* WORK REQUEST:
Once you reach the line containing "SIGNATURE LKS-PCL 01D PH 01 - Residential", reproduce it and every later line exactly, through the end of the data.
>>>
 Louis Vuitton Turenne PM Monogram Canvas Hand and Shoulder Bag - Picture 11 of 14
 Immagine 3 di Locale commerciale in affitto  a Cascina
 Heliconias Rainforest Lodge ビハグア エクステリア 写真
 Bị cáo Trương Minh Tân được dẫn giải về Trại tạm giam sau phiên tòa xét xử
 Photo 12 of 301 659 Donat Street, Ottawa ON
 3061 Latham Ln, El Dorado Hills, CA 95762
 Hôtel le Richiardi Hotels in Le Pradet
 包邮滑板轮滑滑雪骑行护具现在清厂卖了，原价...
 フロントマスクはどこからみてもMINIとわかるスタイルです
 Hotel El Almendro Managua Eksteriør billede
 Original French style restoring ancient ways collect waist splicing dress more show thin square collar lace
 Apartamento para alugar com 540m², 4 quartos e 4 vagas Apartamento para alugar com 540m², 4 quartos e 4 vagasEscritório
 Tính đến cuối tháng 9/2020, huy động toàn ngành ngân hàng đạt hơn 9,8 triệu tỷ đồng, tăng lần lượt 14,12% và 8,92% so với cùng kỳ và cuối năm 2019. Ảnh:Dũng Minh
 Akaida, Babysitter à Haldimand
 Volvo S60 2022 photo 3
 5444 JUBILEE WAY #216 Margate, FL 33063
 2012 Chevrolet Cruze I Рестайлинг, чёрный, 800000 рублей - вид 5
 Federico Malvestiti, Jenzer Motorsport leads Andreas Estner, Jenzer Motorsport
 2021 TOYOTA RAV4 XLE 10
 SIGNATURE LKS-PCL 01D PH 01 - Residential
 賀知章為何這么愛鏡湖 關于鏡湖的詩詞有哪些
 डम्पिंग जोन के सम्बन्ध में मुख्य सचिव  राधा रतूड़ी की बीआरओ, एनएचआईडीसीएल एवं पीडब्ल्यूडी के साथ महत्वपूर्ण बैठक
<<<
* RESULT OF THIS EXERCISE:
 SIGNATURE LKS-PCL 01D PH 01 - Residential
 賀知章為何這么愛鏡湖 關于鏡湖的詩詞有哪些
 डम्पिंग जोन के सम्बन्ध में मुख्य सचिव  राधा रतूड़ी की बीआरओ, एनएचआईडीसीएल एवं पीडब्ल्यूडी के साथ महत्वपूर्ण बैठक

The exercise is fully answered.